Native Title & the Yorta Yorta
Native Title & the Yorta Yorta claim
Two years after the historic Mabo case, the Yorta Yorta people brought the issue of Native Title back into the national spotlight.
In 1992, the Mabo case led to the development of the Native Title Act (NTA) and Tribunal. In February 1994, the Yorta Yorta people were one of the first Indigenous groups in Australia to make a native title claim:
Our mob knew we were taking a chance trusting the system of the white man...but this is like an annihilation of our culture.
– Monica Morgan, Yorta Yorta group coordinator
The NTA gave
hope to Aboriginal communities all over the country who – like the Yorta Yorta
people – made claims to the government in an attempt to regain the land that
had been taken from them after European settlement.
There was a real fear in the general public, however,
that Native Title would lead to claims being made on people's personal
property. In reality, the NTA only allowed claims to be made on unoccupied, crown land – which the Yorta Yorta land was.
In order to prove native title, Indigenous communities
needed to show that they had an uninterrupted connection to the land, and that
they observed traditional laws and customs on the land itself.
This was in many cases difficult to prove. On the one
hand Indigenous history and culture relies on an oral rather than a written
tradition.

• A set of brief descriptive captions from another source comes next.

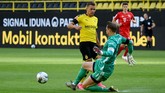 FBL-GER-BUNDESLIGA-DORTMUND-BAYERN MUNICH Bayern Munich's German goalkeeper Manuel Neuer(R) blocks Dortmund's Belgian forward Thorgan Hazard during the German first division Bundesliga football match BVB Borussia Dortmund v FC Bayern Munich on May 26, 2020 in Dortmund, western Germany. (Photo by Federico Gambarini / POOL / AFP) / DFL REGULATIONS PROHIBIT ANY USE OF PHOTOGRAPHS AS IMAGE SEQUENCES AND/OR QUASI-VIDEO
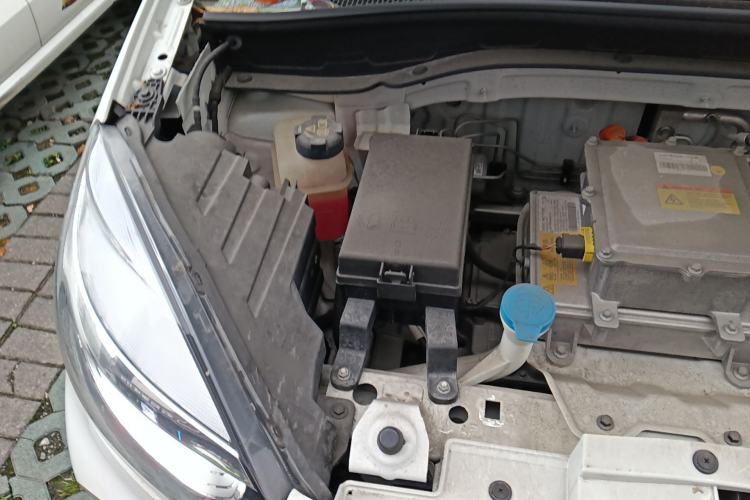 Used Roewe Clever 2022 311km QiQi BoBo Edition Engine Bay Right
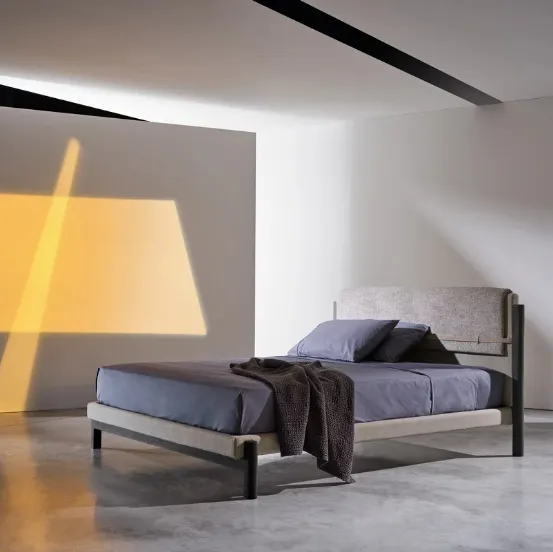 Letto in tessuto Strap di Gervasoni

On the other, the traditional lives of Victorian Aborigines had
changed beyond recognition since the arrival of European settlers. This
resulted in the loss of language, cultural practices and land.
In the Yorta Yorta claim, the Federal Court of
Australia ruled against them. The 1998 ruling was largely due to a conservative
and controversial intepretation of the writings of Edward Curr, a squatter who recorded many
observations of Aboriginal life in 1850s.
However, the Yorta Yorta people weren't discouraged. They
persisted with their claim for the next ten years, and in doing so raised many
questions about the Native Title Act, and
the ways in which the Australian legal system assessed the validity of Indigenous
ties to the land.
In December 2002, the High Court upheld the decision
of the Federal Court in determining that the 'tide of history' had washed away
and thereby extinguished the Yorta Yorta native title rights.
In
April 2004, however, the Bracks government announced a cooperative agreement
with the Yorta Yorta people that included recognition of public land, rivers
and lakes throughout north-central Victoria.